= Exercise materials =
.....

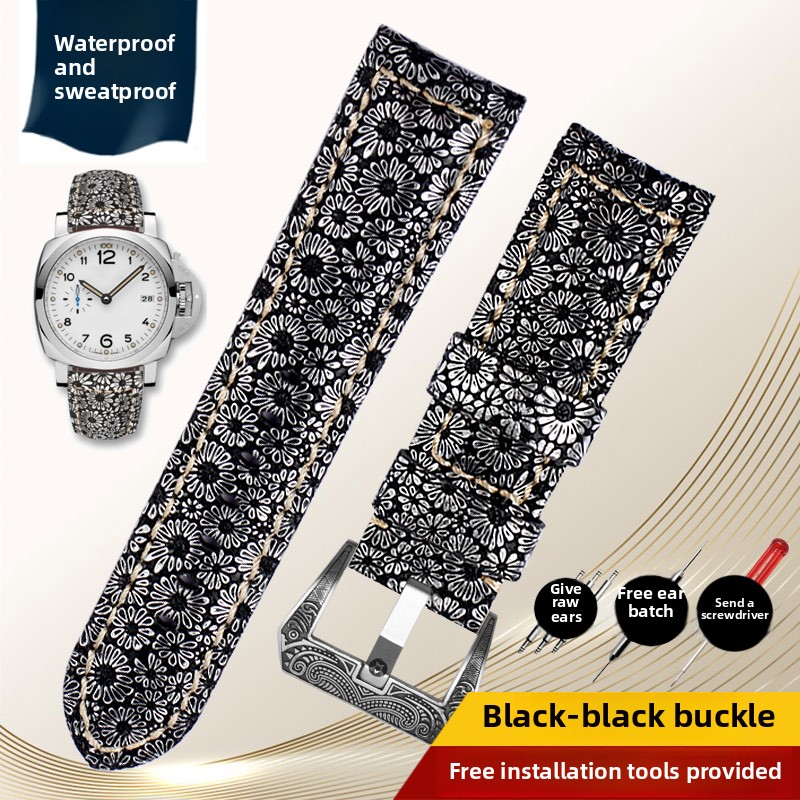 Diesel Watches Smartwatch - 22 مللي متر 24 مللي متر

.....

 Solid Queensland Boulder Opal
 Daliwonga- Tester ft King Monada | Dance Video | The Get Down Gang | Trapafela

.....

= Task =
Your task is to transcribe, with no changes, only the lines of the listing above that lie between the line holding "Solid Queensland Boulder Opal" and the line holding "Daliwonga- Tester ft", inclusive.

= Task response =
 Solid Queensland Boulder Opal
 Daliwonga- Tester ft King Monada | Dance Video | The Get Down Gang | Trapafela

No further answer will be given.